Describe clearly the main tasks that the organization is working on, as
well as what new initiatives and priorities are planned.  Do this in coarse
detail.  Do this for other scientists, government and community.



Recognize our sponsors and funding organizations, as well as the tasks and
priorities that they want NCAR to do.



Recognize our customers, both current and future, as well as the tasks that
they want NCAR to do.



Describe the tasks, that NCAR is working on, in sufficient details that
staff can look at the plan and say “Yes, I belong here. They recognize that
what I do is important”.



*Comments on the current draft strategic plan:*



My first impression on reading this draft strategic plan is that NCAR is
either *incapable*of or *unwilling*to articulate in even coarse detail what
work the organization should do in the next 5 years.



[Strong words, yes, but you asked for comments].
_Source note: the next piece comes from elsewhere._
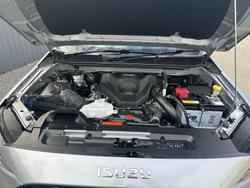 2025 Isuzu MU-X X-TERRAIN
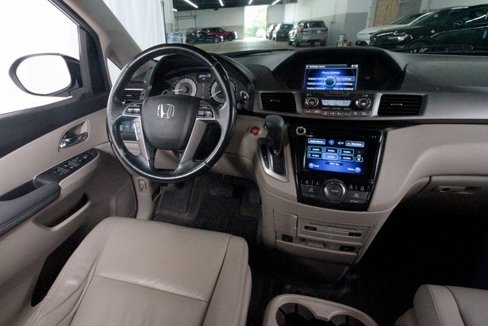 Used 2015 Honda Odyssey EX-L image 9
If I was looking at the text from outside NCAR, then my reaction would be
something like:



            “This is a really weak strategic plan for a world-class science
organization.”

and

            “NCAR does not know what its priorities are.”

and

            “Just give us the money; then we will decide how to spend it.”



I believe that NCAR knows very well what its priorities are; there is
plenty of horsepower in the executive, the strategic plan committee, and
through the input that the committee has collected.  Thus the draft
strategic plan could easily have been written with sufficient
coarse-grained detail,  -  had that been the goal.



This leads me to ask why NCAR is apparently *unwilling*to clearly
articulate in coarse details its goals in this strategic plan.



And I really struggle with that.



Prior strategic plans have spelled out both what we do, and what new
directions we want to pursue. This draft strategic plan really only
discusses the new directions.



And I think that it is an affront to our funding organizations.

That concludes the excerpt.